>>>
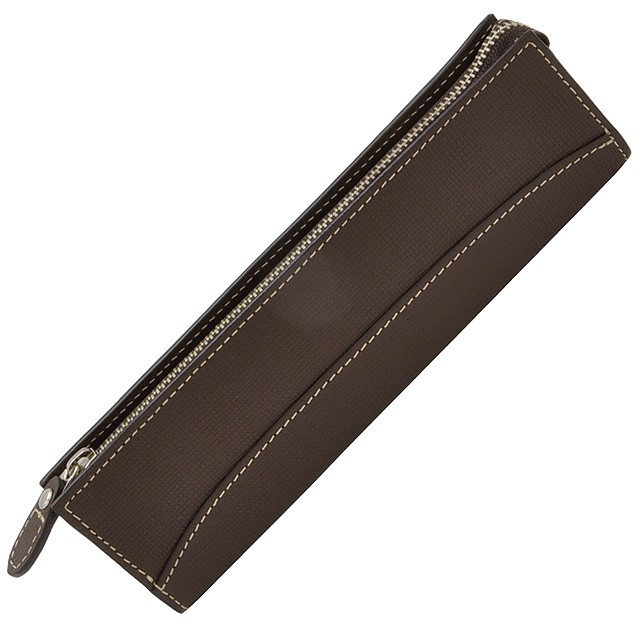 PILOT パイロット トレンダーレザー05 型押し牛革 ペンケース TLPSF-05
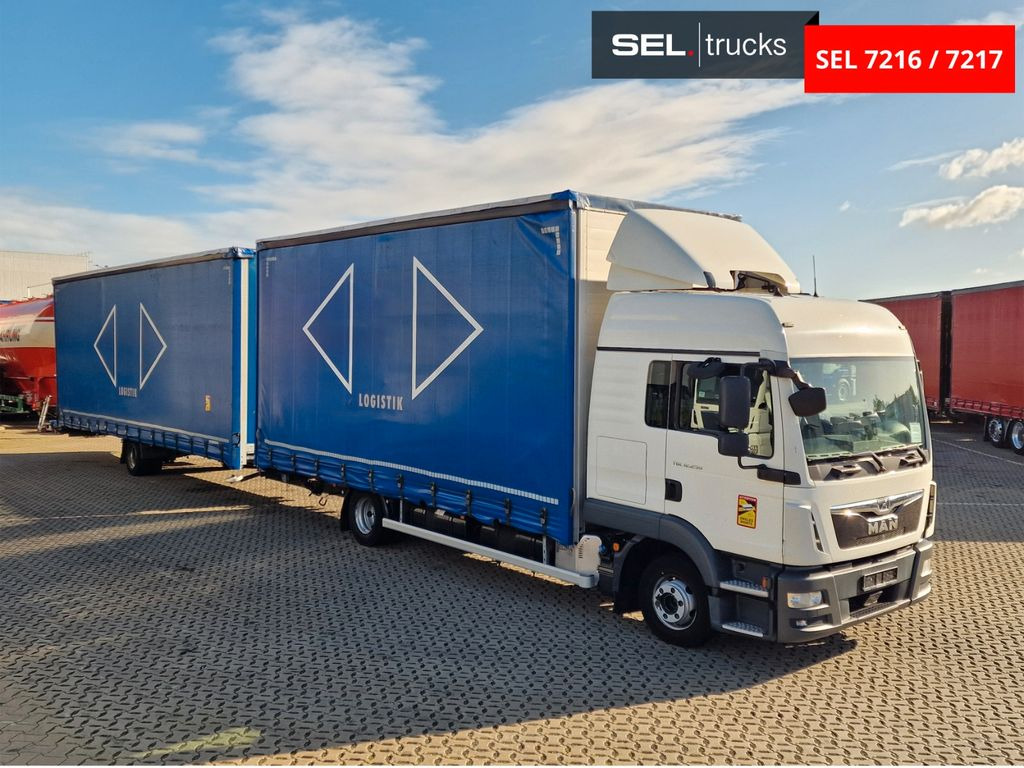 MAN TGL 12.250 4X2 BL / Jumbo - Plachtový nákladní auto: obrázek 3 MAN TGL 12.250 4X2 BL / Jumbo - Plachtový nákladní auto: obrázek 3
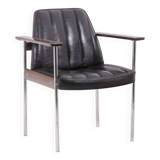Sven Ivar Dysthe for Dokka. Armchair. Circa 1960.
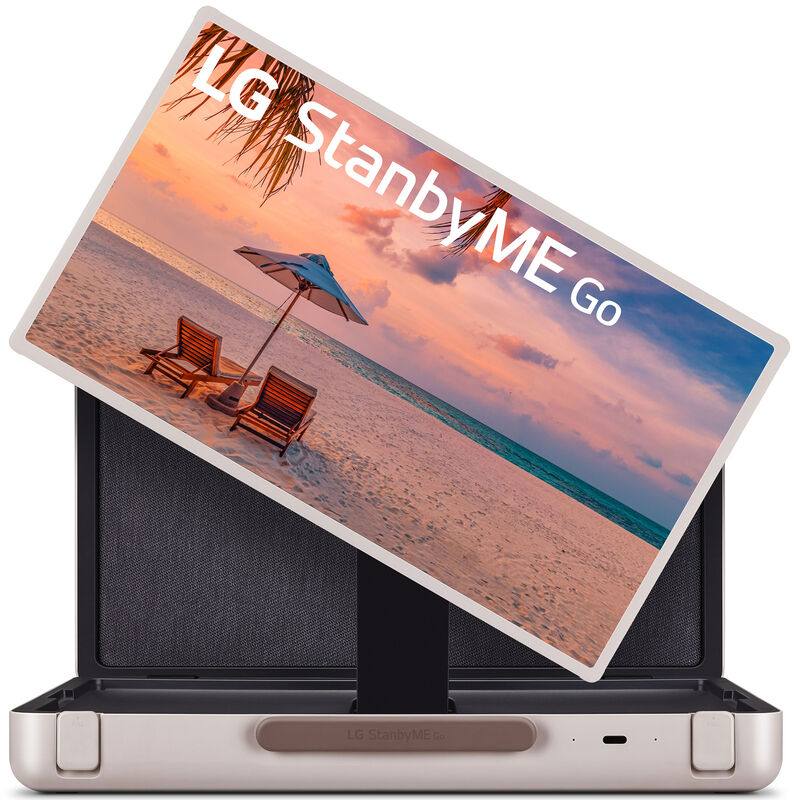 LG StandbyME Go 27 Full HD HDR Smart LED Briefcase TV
<<<
§ EXERCISE DESCRIPTION
Please write out every line of the listing above exactly, and leave the images behind.

§ ANSWER BELOW
 PILOT パイロット トレンダーレザー05 型押し牛革 ペンケース TLPSF-05
 MAN TGL 12.250 4X2 BL / Jumbo - Plachtový nákladní auto: obrázek 3 MAN TGL 12.250 4X2 BL / Jumbo - Plachtový nákladní auto: obrázek 3
Sven Ivar Dysthe for Dokka. Armchair. Circa 1960.
 LG StandbyME Go 27 Full HD HDR Smart LED Briefcase TV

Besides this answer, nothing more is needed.